Records:
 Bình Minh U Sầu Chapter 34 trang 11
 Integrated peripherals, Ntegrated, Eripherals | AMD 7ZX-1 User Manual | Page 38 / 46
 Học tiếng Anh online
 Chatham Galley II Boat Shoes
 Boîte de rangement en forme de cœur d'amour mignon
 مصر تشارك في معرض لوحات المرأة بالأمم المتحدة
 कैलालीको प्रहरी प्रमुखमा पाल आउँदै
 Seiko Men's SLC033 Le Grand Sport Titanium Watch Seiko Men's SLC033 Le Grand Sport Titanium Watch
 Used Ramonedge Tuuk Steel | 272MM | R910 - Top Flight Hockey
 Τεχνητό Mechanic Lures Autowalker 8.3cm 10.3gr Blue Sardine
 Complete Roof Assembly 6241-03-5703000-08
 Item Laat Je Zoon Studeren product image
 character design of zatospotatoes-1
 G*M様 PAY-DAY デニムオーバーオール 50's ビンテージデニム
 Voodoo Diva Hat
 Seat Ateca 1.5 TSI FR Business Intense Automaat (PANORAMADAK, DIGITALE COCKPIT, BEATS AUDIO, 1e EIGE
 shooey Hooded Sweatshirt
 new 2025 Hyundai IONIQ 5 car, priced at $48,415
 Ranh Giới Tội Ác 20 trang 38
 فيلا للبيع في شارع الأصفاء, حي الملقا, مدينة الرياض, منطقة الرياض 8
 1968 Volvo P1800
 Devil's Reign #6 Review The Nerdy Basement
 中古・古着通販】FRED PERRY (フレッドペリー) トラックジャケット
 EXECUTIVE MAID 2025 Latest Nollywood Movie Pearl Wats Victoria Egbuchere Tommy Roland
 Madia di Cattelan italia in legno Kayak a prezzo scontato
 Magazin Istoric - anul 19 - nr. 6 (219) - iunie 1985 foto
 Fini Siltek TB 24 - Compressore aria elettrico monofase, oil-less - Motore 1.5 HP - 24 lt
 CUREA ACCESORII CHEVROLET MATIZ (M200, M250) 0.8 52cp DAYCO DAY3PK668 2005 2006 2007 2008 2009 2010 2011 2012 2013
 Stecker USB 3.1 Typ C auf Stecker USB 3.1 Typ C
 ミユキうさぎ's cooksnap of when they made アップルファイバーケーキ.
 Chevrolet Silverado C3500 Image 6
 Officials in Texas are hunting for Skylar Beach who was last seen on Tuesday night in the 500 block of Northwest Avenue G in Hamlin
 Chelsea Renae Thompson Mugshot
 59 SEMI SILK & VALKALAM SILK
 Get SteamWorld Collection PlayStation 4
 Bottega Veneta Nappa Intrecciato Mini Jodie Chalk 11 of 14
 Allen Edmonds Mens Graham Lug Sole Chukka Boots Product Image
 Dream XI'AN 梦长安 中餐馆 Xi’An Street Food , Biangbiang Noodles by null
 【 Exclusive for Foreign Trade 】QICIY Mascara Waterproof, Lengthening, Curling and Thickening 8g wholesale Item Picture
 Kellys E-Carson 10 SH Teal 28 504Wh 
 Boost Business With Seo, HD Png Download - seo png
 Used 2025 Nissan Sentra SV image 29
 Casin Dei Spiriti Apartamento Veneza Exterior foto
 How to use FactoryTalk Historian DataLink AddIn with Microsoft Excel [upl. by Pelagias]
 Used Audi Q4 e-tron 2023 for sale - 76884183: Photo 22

Problem statement:
Extract, please, the lines from the start of the entries above through the one with "Casin Dei Spiriti", both included, reproducing each exactly and adding nothing.

Solution:
 Bình Minh U Sầu Chapter 34 trang 11
 Integrated peripherals, Ntegrated, Eripherals | AMD 7ZX-1 User Manual | Page 38 / 46
 Học tiếng Anh online
 Chatham Galley II Boat Shoes
 Boîte de rangement en forme de cœur d'amour mignon
 مصر تشارك في معرض لوحات المرأة بالأمم المتحدة
 कैलालीको प्रहरी प्रमुखमा पाल आउँदै
 Seiko Men's SLC033 Le Grand Sport Titanium Watch Seiko Men's SLC033 Le Grand Sport Titanium Watch
 Used Ramonedge Tuuk Steel | 272MM | R910 - Top Flight Hockey
 Τεχνητό Mechanic Lures Autowalker 8.3cm 10.3gr Blue Sardine
 Complete Roof Assembly 6241-03-5703000-08
 Item Laat Je Zoon Studeren product image
 character design of zatospotatoes-1
 G*M様 PAY-DAY デニムオーバーオール 50's ビンテージデニム
 Voodoo Diva Hat
 Seat Ateca 1.5 TSI FR Business Intense Automaat (PANORAMADAK, DIGITALE COCKPIT, BEATS AUDIO, 1e EIGE
 shooey Hooded Sweatshirt
 new 2025 Hyundai IONIQ 5 car, priced at $48,415
 Ranh Giới Tội Ác 20 trang 38
 فيلا للبيع في شارع الأصفاء, حي الملقا, مدينة الرياض, منطقة الرياض 8
 1968 Volvo P1800
 Devil's Reign #6 Review The Nerdy Basement
 中古・古着通販】FRED PERRY (フレッドペリー) トラックジャケット
 EXECUTIVE MAID 2025 Latest Nollywood Movie Pearl Wats Victoria Egbuchere Tommy Roland
 Madia di Cattelan italia in legno Kayak a prezzo scontato
 Magazin Istoric - anul 19 - nr. 6 (219) - iunie 1985 foto
 Fini Siltek TB 24 - Compressore aria elettrico monofase, oil-less - Motore 1.5 HP - 24 lt
 CUREA ACCESORII CHEVROLET MATIZ (M200, M250) 0.8 52cp DAYCO DAY3PK668 2005 2006 2007 2008 2009 2010 2011 2012 2013
 Stecker USB 3.1 Typ C auf Stecker USB 3.1 Typ C
 ミユキうさぎ's cooksnap of when they made アップルファイバーケーキ.
 Chevrolet Silverado C3500 Image 6
 Officials in Texas are hunting for Skylar Beach who was last seen on Tuesday night in the 500 block of Northwest Avenue G in Hamlin
 Chelsea Renae Thompson Mugshot
 59 SEMI SILK & VALKALAM SILK
 Get SteamWorld Collection PlayStation 4
 Bottega Veneta Nappa Intrecciato Mini Jodie Chalk 11 of 14
 Allen Edmonds Mens Graham Lug Sole Chukka Boots Product Image
 Dream XI'AN 梦长安 中餐馆 Xi’An Street Food , Biangbiang Noodles by null
 【 Exclusive for Foreign Trade 】QICIY Mascara Waterproof, Lengthening, Curling and Thickening 8g wholesale Item Picture
 Kellys E-Carson 10 SH Teal 28 504Wh 
 Boost Business With Seo, HD Png Download - seo png
 Used 2025 Nissan Sentra SV image 29
 Casin Dei Spiriti Apartamento Veneza Exterior foto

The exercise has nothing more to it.